Chrome Browser: A Novel Approach to Language

As a Technical Author, one of the most important tasks that you face is to make the language of applications as obvious, intuitive and accessible as possible. Google's approach to language attempts to do this AND to reflect its overall ethos - that it's homely and easy and accessible to all. Brian is pondering whether this is a general trend, and how he can apply it.

I’ve recently downloaded Google’s new Chrome web browser, and after playing with it for half an hour, I stumble across the Options dialog box:


As a technical author, I’m interested in Google’s approach to naming the various tabs in this dialog box: “Basics”, “Minor Tweaks”, and “Under the Hood”. My first response is that this all seems rather colloquial for a piece of software.

The expression “Under the Hood” in particular is a shock; it challenges my many working assumptions as an application documentation specialist. For one thing, it isn’t proper “technical language”, and for another it’s an idiom that is US-centric. Here in the UK, cars don’t have “hoods”; they have “bonnets”.

Is it even a metaphor that all users of Google Chrome would understand? IT-literate types understand that “under the hood” refers to settings that may be more complex, wide-ranging in scope, or fundamental to the way an application operates… but would my father, for example, get the reference?

As an application that
(they’re hoping) will
be used by billions
of people, it makes
sense to use normal,
everyday language.

Looking more closely at what the Options dialog box contains in Google Chrome, I begin to understand a little more why the tab names aren’t very descriptive. There is little connection between the various options within each tab. The “Under the Hood” tab contains settings for cookies, blocked popups, proxy server, downloaded files, and whether to send usage information back to Google. It’s a mish-mash of stuff with no obvious common theme. The “Minor Tweaks” tab contains a similarly unconnected set of options for passwords, fonts, and save folders.

Lots of applications have an Options dialog; most of our applications at Red-Gate can be tweaked in numerous ways, some of them “basic”, several that are essentially cosmetic or “minor” and some that are “under the hood”. I think Google have tried to organise options by some sort of scale of “techiness” – even though there aren’t really any connections between those options. But the language makes it seem all rather vague and friendly and folksy. It seems to be almost admitting that there isn’t much obvious difference between the tabs – just some stuff here, some stuff there, more stuff elsewhere.
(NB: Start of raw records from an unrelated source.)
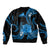 Tokelau Sleeve Zip Bomber Jacket Tokelauan Tatau With Badge Blue LT14 - Polynesian Pride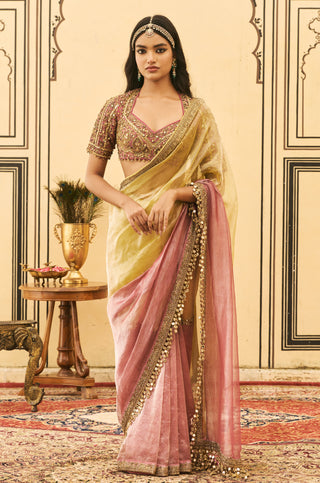Zardosi Saree for Indian Wedding - Multicolor Polki Peela-Gulabi Tissue Zardosi Saree Set by Itrh at Mrs. G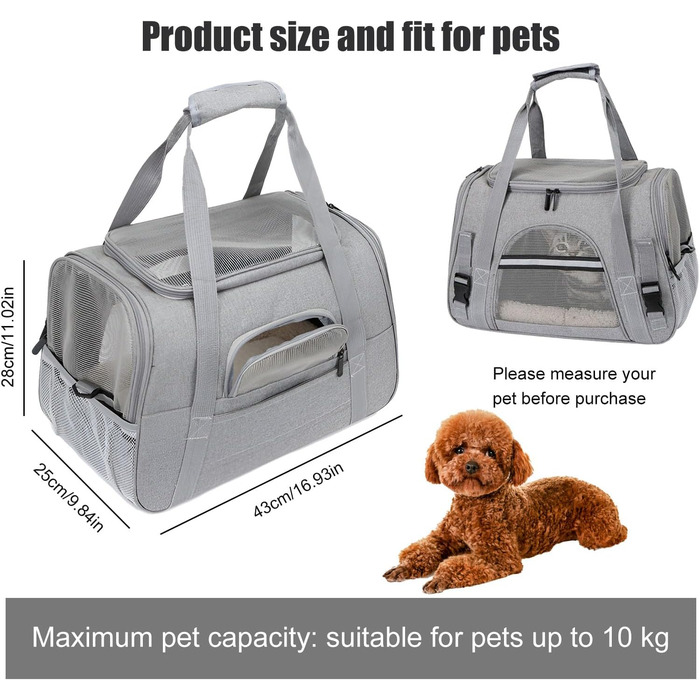 Транспортна сумка для тварин з підстилкою з флісу, для котів та маленьких собак до 10 кг, сірого кольору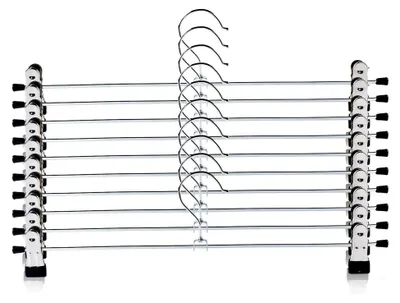 Produktbild von Metallhosenbügel 40 cm, Rockbügel, Kleiderbügel für Hosen und Röcke, platzsparend mit 360° drehbarem Haken, 10 Stück, Schwarz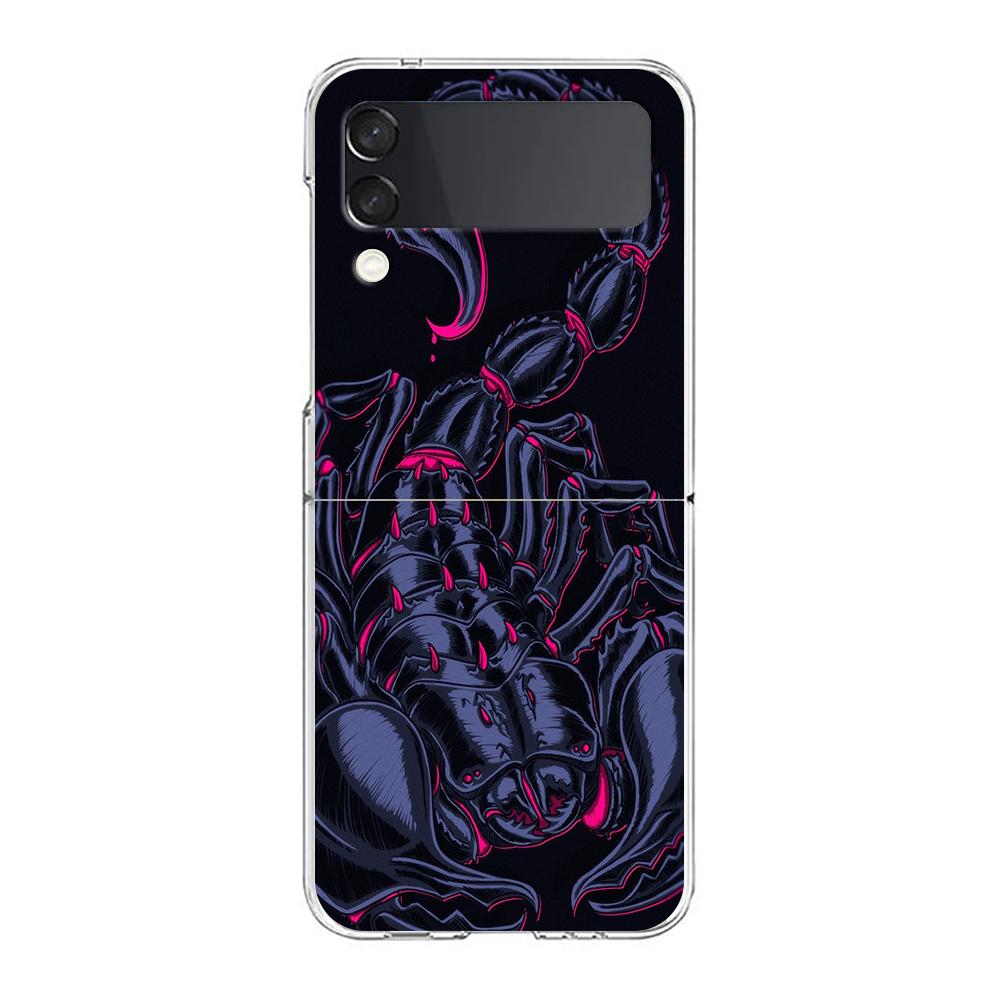 Phone Cover For Samsung Galaxy Z Flip 6 5 4 Case Transparent For Samsung Z Flip 3 Hard PC Foldable Shell Cartoon Scorpion Capas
My more considered reaction to the naming style in Google Chrome, once I’ve questioned my own accumulated prejudices as someone used to following rules and conventions of formal language, is that I quite like it. As an application that (they’re hoping) will be used by billions of people, it makes sense to use normal, everyday language.

The Google Toolbar Options dialog does something similar:


“Features”, “Buttons” and “More”. “More” is hardly a descriptive term, but from a user’s point of view, it makes sense to me. It tells me that there is “more” stuff in a third tab that I didn’t find in the first two. That “more stuff” is probably more complicated, and less basic than what’s on the first tab.
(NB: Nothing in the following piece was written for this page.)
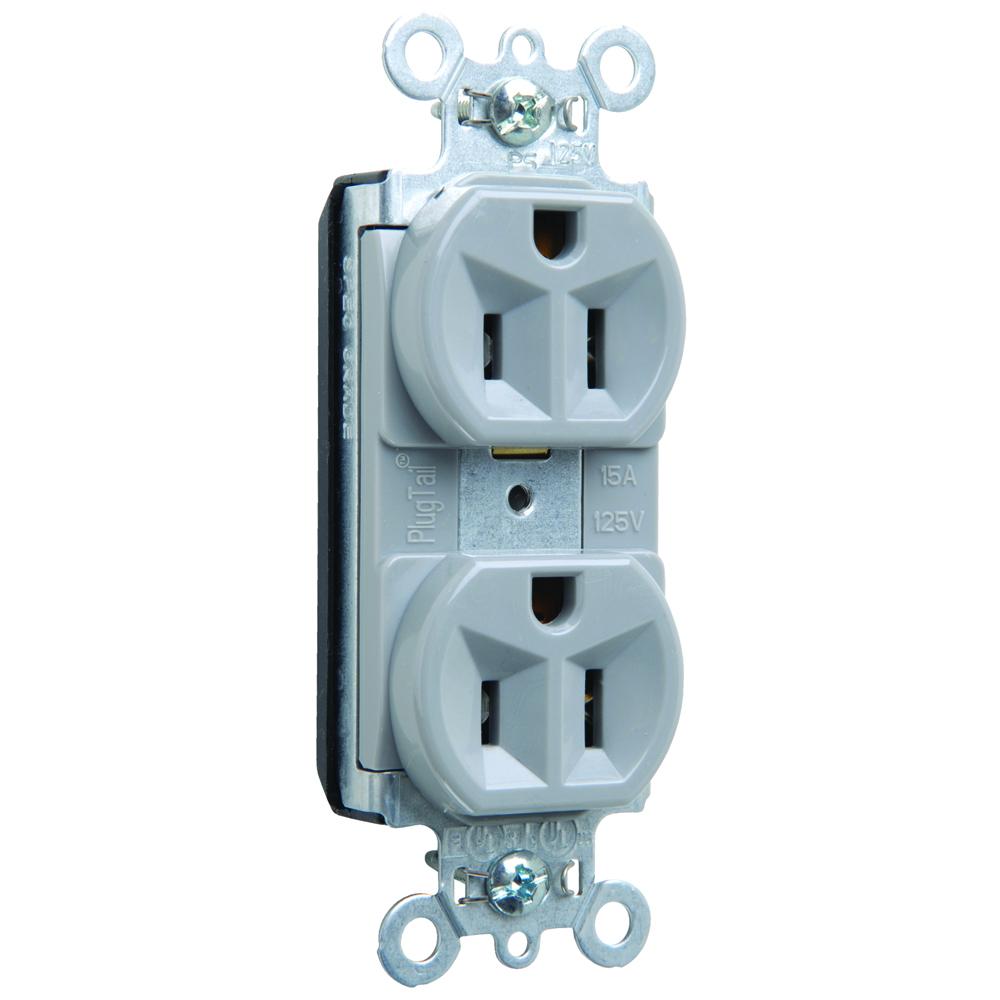 DUP RECEPT SPEC GRADE 15A/125V GRY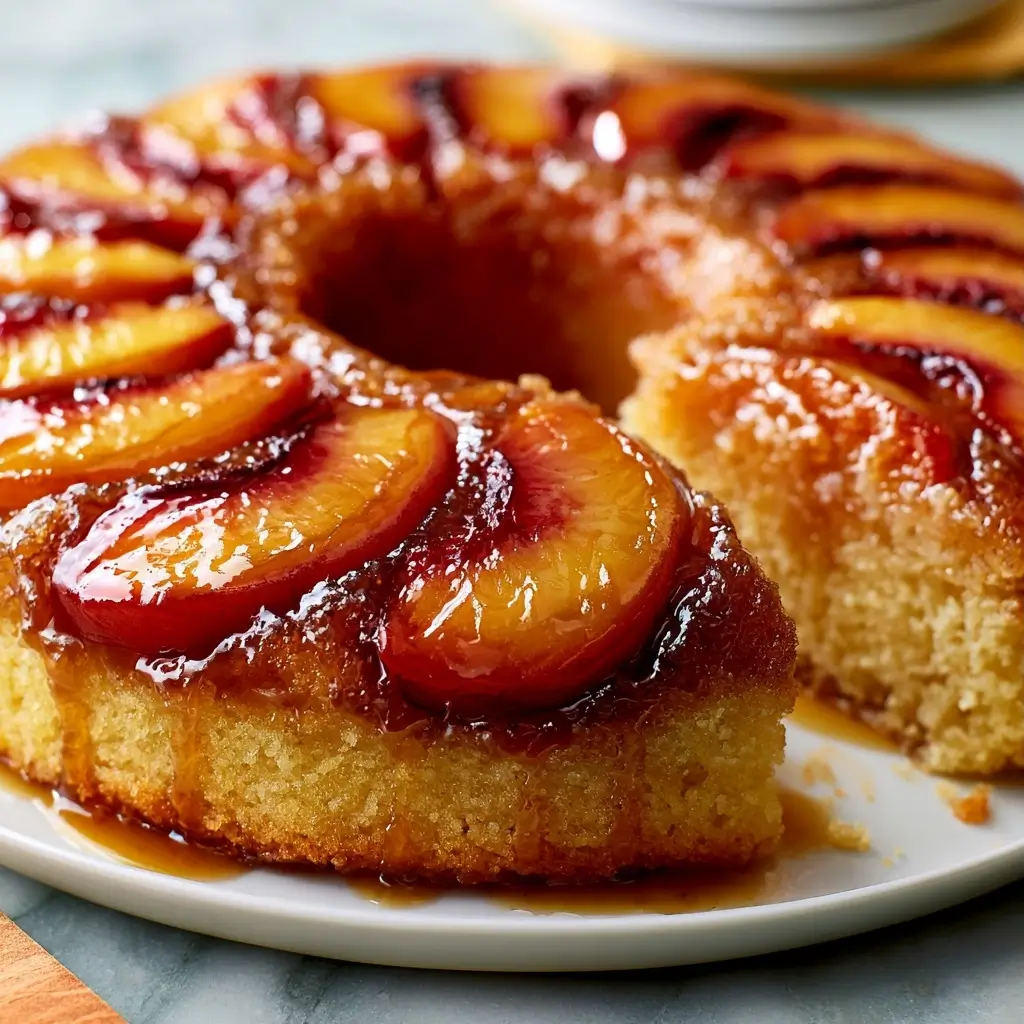 Upside Down Peach Cake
So maybe Google are onto something. The names that the various parts and functions in a piece of software are given matter a huge amount. When names are intuitive and obvious, we don’t notice them; but when they are obtuse, difficult, ambiguous, or baffling, they confuse us, slow us down and can even stop us in our tracks altogether. Like a good referee in a soccer match, or background music in a film, names in an application should barely register in the mind.

Clash of the write’uns

I sent a picture of the Google Chrome Options dialog to the rest of the technical authors at Red Gate to see what their take was on this approach to naming. It prompted an interesting debate.

One of the authors was far from impressed:

That’s an almost painfully posed attempt at nonchalance and cool. Potentially also quite disconcerting for users familiar with established terminology.

Another author philosophized:

I sort of really like the idea of being able to do this – getting away from formality just for the sake of formality … but colloquialism and humour unfortunately usually have to be avoided for good reason: they don’t necessarily mean the same thing to everyone…

What a shame! Or have I fallen into the trap of sticking with a nice safe set of rules without questioning deeply enough?

I responded:

I think there is a balance to be struck between precise, unambiguous, consistent language, and projecting an image of your company as progressive, accessible and friendly. It depends primarily on your target audience.

The prevalence of web based software (like Flickr, Facebook etc) is gradually altering people’s expectations of how they interact with software, and how that software communicates to them. So it’s not a war between stuffy tech authors and trendy web designers, but it’s more like a gradual evolution of everything.

I think that this debate has only just got going. Here at Red Gate towers, we’re very keen to be seen as an accessible, open company who produce tools that really are dead simple to use. But the people who are responsible for the names of everything in all our tools are technical authors; and I think it wouldn’t be too harsh to say that technical authors are by and large people who prefer following well established sets of rules and conventions to trailblazing new ideas and approaches.

Then again, if there is an evolution in the way software is being used, then perhaps we would be wise to consider our approach to these issues as we move forward. As a matter of fact, my time spent playing with Chrome has led me to take a closer look at the language we’re using in our soon-to-be-release SQL Response product.